MATERIAL PROVIDED below:

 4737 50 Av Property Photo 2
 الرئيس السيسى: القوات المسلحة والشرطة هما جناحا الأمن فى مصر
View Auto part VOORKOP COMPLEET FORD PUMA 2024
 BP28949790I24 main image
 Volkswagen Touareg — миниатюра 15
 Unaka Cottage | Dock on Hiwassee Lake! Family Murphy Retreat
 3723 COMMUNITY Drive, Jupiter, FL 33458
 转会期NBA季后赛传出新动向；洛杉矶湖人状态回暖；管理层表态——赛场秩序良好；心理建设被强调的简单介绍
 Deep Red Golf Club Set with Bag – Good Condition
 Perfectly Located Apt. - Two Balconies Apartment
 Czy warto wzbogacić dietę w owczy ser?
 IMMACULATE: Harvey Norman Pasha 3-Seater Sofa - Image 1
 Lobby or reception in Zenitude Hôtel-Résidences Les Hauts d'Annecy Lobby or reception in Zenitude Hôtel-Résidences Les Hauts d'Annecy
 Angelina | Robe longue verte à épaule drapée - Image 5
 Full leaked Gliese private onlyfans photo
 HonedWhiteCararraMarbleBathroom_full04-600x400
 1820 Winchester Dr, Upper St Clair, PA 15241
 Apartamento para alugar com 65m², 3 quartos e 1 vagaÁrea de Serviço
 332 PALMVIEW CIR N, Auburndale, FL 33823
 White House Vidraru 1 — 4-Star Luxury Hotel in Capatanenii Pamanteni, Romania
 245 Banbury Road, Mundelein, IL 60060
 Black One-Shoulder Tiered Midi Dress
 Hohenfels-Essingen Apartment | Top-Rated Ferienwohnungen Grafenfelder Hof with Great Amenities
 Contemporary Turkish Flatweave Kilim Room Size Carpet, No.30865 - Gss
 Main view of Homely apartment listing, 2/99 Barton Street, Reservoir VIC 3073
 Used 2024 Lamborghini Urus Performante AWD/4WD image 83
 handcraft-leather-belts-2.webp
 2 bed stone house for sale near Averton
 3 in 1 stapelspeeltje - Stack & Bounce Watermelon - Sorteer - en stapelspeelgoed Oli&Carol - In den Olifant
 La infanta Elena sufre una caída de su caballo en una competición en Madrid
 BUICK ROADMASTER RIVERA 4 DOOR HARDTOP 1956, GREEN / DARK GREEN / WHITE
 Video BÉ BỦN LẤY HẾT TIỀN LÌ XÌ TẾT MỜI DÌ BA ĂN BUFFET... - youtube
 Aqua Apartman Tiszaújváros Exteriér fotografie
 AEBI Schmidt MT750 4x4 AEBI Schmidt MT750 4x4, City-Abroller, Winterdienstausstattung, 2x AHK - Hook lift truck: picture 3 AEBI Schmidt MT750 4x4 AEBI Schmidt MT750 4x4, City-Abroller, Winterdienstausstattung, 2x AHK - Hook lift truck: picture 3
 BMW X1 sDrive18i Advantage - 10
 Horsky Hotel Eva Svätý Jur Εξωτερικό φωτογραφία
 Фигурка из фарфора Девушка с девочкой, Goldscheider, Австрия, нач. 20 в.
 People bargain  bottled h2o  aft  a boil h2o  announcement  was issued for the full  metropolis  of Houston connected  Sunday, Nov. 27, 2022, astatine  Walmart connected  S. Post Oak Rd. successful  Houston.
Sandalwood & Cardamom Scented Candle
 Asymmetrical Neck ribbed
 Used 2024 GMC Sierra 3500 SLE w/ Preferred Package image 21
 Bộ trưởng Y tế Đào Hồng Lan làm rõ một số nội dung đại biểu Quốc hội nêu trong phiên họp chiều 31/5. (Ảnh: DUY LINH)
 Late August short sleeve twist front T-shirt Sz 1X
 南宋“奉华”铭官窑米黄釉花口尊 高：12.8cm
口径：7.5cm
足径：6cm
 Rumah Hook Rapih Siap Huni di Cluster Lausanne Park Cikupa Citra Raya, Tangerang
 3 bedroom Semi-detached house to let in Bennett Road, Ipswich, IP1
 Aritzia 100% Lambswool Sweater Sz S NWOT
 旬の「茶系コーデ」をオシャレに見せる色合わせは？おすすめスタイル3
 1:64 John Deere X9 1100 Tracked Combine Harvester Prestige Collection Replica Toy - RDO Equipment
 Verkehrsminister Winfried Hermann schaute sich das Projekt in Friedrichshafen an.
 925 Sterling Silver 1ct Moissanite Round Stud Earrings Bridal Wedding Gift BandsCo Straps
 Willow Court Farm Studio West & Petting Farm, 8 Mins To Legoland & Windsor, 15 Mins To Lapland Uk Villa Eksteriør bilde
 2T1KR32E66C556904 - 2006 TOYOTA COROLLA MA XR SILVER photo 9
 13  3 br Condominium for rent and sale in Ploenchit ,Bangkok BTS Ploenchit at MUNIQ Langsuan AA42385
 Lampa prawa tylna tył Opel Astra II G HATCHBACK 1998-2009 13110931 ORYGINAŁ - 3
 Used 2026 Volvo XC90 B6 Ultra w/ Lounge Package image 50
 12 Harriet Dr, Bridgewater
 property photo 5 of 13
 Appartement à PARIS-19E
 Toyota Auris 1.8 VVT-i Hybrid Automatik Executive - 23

End of MATERIAL PROVIDED.

**EXERCISE DESCRIPTION**. Nothing in the listing may be changed; retype it all exactly.

**YOUR RESPONSE**.
 4737 50 Av Property Photo 2
 الرئيس السيسى: القوات المسلحة والشرطة هما جناحا الأمن فى مصر
View Auto part VOORKOP COMPLEET FORD PUMA 2024
 BP28949790I24 main image
 Volkswagen Touareg — миниатюра 15
 Unaka Cottage | Dock on Hiwassee Lake! Family Murphy Retreat
 3723 COMMUNITY Drive, Jupiter, FL 33458
 转会期NBA季后赛传出新动向；洛杉矶湖人状态回暖；管理层表态——赛场秩序良好；心理建设被强调的简单介绍
 Deep Red Golf Club Set with Bag – Good Condition
 Perfectly Located Apt. - Two Balconies Apartment
 Czy warto wzbogacić dietę w owczy ser?
 IMMACULATE: Harvey Norman Pasha 3-Seater Sofa - Image 1
 Lobby or reception in Zenitude Hôtel-Résidences Les Hauts d'Annecy Lobby or reception in Zenitude Hôtel-Résidences Les Hauts d'Annecy
 Angelina | Robe longue verte à épaule drapée - Image 5
 Full leaked Gliese private onlyfans photo
 HonedWhiteCararraMarbleBathroom_full04-600x400
 1820 Winchester Dr, Upper St Clair, PA 15241
 Apartamento para alugar com 65m², 3 quartos e 1 vagaÁrea de Serviço
 332 PALMVIEW CIR N, Auburndale, FL 33823
 White House Vidraru 1 — 4-Star Luxury Hotel in Capatanenii Pamanteni, Romania
 245 Banbury Road, Mundelein, IL 60060
 Black One-Shoulder Tiered Midi Dress
 Hohenfels-Essingen Apartment | Top-Rated Ferienwohnungen Grafenfelder Hof with Great Amenities
 Contemporary Turkish Flatweave Kilim Room Size Carpet, No.30865 - Gss
 Main view of Homely apartment listing, 2/99 Barton Street, Reservoir VIC 3073
 Used 2024 Lamborghini Urus Performante AWD/4WD image 83
 handcraft-leather-belts-2.webp
 2 bed stone house for sale near Averton
 3 in 1 stapelspeeltje - Stack & Bounce Watermelon - Sorteer - en stapelspeelgoed Oli&Carol - In den Olifant
 La infanta Elena sufre una caída de su caballo en una competición en Madrid
 BUICK ROADMASTER RIVERA 4 DOOR HARDTOP 1956, GREEN / DARK GREEN / WHITE
 Video BÉ BỦN LẤY HẾT TIỀN LÌ XÌ TẾT MỜI DÌ BA ĂN BUFFET... - youtube
 Aqua Apartman Tiszaújváros Exteriér fotografie
 AEBI Schmidt MT750 4x4 AEBI Schmidt MT750 4x4, City-Abroller, Winterdienstausstattung, 2x AHK - Hook lift truck: picture 3 AEBI Schmidt MT750 4x4 AEBI Schmidt MT750 4x4, City-Abroller, Winterdienstausstattung, 2x AHK - Hook lift truck: picture 3
 BMW X1 sDrive18i Advantage - 10
 Horsky Hotel Eva Svätý Jur Εξωτερικό φωτογραφία
 Фигурка из фарфора Девушка с девочкой, Goldscheider, Австрия, нач. 20 в.
 People bargain  bottled h2o  aft  a boil h2o  announcement  was issued for the full  metropolis  of Houston connected  Sunday, Nov. 27, 2022, astatine  Walmart connected  S. Post Oak Rd. successful  Houston.
Sandalwood & Cardamom Scented Candle
 Asymmetrical Neck ribbed
 Used 2024 GMC Sierra 3500 SLE w/ Preferred Package image 21
 Bộ trưởng Y tế Đào Hồng Lan làm rõ một số nội dung đại biểu Quốc hội nêu trong phiên họp chiều 31/5. (Ảnh: DUY LINH)
 Late August short sleeve twist front T-shirt Sz 1X
 南宋“奉华”铭官窑米黄釉花口尊 高：12.8cm
口径：7.5cm
足径：6cm
 Rumah Hook Rapih Siap Huni di Cluster Lausanne Park Cikupa Citra Raya, Tangerang
 3 bedroom Semi-detached house to let in Bennett Road, Ipswich, IP1
 Aritzia 100% Lambswool Sweater Sz S NWOT
 旬の「茶系コーデ」をオシャレに見せる色合わせは？おすすめスタイル3
 1:64 John Deere X9 1100 Tracked Combine Harvester Prestige Collection Replica Toy - RDO Equipment
 Verkehrsminister Winfried Hermann schaute sich das Projekt in Friedrichshafen an.
 925 Sterling Silver 1ct Moissanite Round Stud Earrings Bridal Wedding Gift BandsCo Straps
 Willow Court Farm Studio West & Petting Farm, 8 Mins To Legoland & Windsor, 15 Mins To Lapland Uk Villa Eksteriør bilde
 2T1KR32E66C556904 - 2006 TOYOTA COROLLA MA XR SILVER photo 9
 13  3 br Condominium for rent and sale in Ploenchit ,Bangkok BTS Ploenchit at MUNIQ Langsuan AA42385
 Lampa prawa tylna tył Opel Astra II G HATCHBACK 1998-2009 13110931 ORYGINAŁ - 3
 Used 2026 Volvo XC90 B6 Ultra w/ Lounge Package image 50
 12 Harriet Dr, Bridgewater
 property photo 5 of 13
 Appartement à PARIS-19E
 Toyota Auris 1.8 VVT-i Hybrid Automatik Executive - 23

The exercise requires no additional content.